Recorded data =

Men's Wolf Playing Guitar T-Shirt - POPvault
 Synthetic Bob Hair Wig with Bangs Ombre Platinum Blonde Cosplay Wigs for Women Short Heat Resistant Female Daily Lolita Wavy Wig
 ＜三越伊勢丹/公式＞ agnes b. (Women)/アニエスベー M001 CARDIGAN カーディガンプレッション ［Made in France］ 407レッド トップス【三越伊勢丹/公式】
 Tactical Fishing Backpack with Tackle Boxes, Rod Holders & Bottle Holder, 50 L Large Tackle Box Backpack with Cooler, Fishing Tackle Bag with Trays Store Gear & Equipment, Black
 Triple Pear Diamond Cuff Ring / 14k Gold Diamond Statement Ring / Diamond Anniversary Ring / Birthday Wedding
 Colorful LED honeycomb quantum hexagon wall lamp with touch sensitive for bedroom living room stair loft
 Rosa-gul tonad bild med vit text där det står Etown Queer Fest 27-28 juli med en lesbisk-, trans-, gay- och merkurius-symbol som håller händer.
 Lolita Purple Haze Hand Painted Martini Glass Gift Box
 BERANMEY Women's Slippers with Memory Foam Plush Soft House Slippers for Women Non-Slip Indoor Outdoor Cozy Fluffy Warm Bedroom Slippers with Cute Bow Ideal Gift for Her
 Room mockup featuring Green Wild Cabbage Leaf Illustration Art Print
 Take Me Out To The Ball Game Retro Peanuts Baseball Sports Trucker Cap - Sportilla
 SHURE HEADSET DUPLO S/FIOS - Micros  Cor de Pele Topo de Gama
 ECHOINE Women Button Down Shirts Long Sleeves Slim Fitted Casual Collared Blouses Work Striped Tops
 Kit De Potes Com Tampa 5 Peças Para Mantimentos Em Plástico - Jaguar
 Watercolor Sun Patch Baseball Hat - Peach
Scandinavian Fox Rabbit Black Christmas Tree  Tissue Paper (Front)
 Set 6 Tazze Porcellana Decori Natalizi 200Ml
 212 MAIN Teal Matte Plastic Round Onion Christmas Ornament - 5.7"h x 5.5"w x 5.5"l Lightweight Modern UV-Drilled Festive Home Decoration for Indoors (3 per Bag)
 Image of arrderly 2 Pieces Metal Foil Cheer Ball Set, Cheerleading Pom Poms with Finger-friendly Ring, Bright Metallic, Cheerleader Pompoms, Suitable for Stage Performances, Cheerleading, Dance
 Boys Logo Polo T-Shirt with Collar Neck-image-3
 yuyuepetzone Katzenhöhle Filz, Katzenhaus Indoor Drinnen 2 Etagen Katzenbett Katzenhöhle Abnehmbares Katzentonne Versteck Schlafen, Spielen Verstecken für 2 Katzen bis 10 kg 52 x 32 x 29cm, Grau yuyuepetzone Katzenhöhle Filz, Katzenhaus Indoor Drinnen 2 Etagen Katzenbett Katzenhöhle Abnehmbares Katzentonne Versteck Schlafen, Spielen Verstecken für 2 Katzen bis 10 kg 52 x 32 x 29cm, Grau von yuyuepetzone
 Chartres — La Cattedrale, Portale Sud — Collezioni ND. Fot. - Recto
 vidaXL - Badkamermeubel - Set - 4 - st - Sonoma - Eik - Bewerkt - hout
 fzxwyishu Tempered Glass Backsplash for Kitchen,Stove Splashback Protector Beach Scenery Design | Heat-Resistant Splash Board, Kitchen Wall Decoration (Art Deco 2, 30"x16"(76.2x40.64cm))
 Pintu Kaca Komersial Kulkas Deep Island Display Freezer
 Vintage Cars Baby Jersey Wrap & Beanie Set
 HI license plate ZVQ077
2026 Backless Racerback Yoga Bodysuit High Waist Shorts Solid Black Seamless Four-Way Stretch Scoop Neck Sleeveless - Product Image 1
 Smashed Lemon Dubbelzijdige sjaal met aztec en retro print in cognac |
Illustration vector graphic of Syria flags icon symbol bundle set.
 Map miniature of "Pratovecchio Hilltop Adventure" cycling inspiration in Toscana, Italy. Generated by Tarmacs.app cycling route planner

What is expected =
The output should be exactly the lines above from the line containing "Set 6 Tazze Porcellana Decori Natalizi 200Ml" to the line containing "HI license plate ZVQ077", inclusive, with no other lines.

Task response =
 Set 6 Tazze Porcellana Decori Natalizi 200Ml
 212 MAIN Teal Matte Plastic Round Onion Christmas Ornament - 5.7"h x 5.5"w x 5.5"l Lightweight Modern UV-Drilled Festive Home Decoration for Indoors (3 per Bag)
 Image of arrderly 2 Pieces Metal Foil Cheer Ball Set, Cheerleading Pom Poms with Finger-friendly Ring, Bright Metallic, Cheerleader Pompoms, Suitable for Stage Performances, Cheerleading, Dance
 Boys Logo Polo T-Shirt with Collar Neck-image-3
 yuyuepetzone Katzenhöhle Filz, Katzenhaus Indoor Drinnen 2 Etagen Katzenbett Katzenhöhle Abnehmbares Katzentonne Versteck Schlafen, Spielen Verstecken für 2 Katzen bis 10 kg 52 x 32 x 29cm, Grau yuyuepetzone Katzenhöhle Filz, Katzenhaus Indoor Drinnen 2 Etagen Katzenbett Katzenhöhle Abnehmbares Katzentonne Versteck Schlafen, Spielen Verstecken für 2 Katzen bis 10 kg 52 x 32 x 29cm, Grau von yuyuepetzone
 Chartres — La Cattedrale, Portale Sud — Collezioni ND. Fot. - Recto
 vidaXL - Badkamermeubel - Set - 4 - st - Sonoma - Eik - Bewerkt - hout
 fzxwyishu Tempered Glass Backsplash for Kitchen,Stove Splashback Protector Beach Scenery Design | Heat-Resistant Splash Board, Kitchen Wall Decoration (Art Deco 2, 30"x16"(76.2x40.64cm))
 Pintu Kaca Komersial Kulkas Deep Island Display Freezer
 Vintage Cars Baby Jersey Wrap & Beanie Set
 HI license plate ZVQ077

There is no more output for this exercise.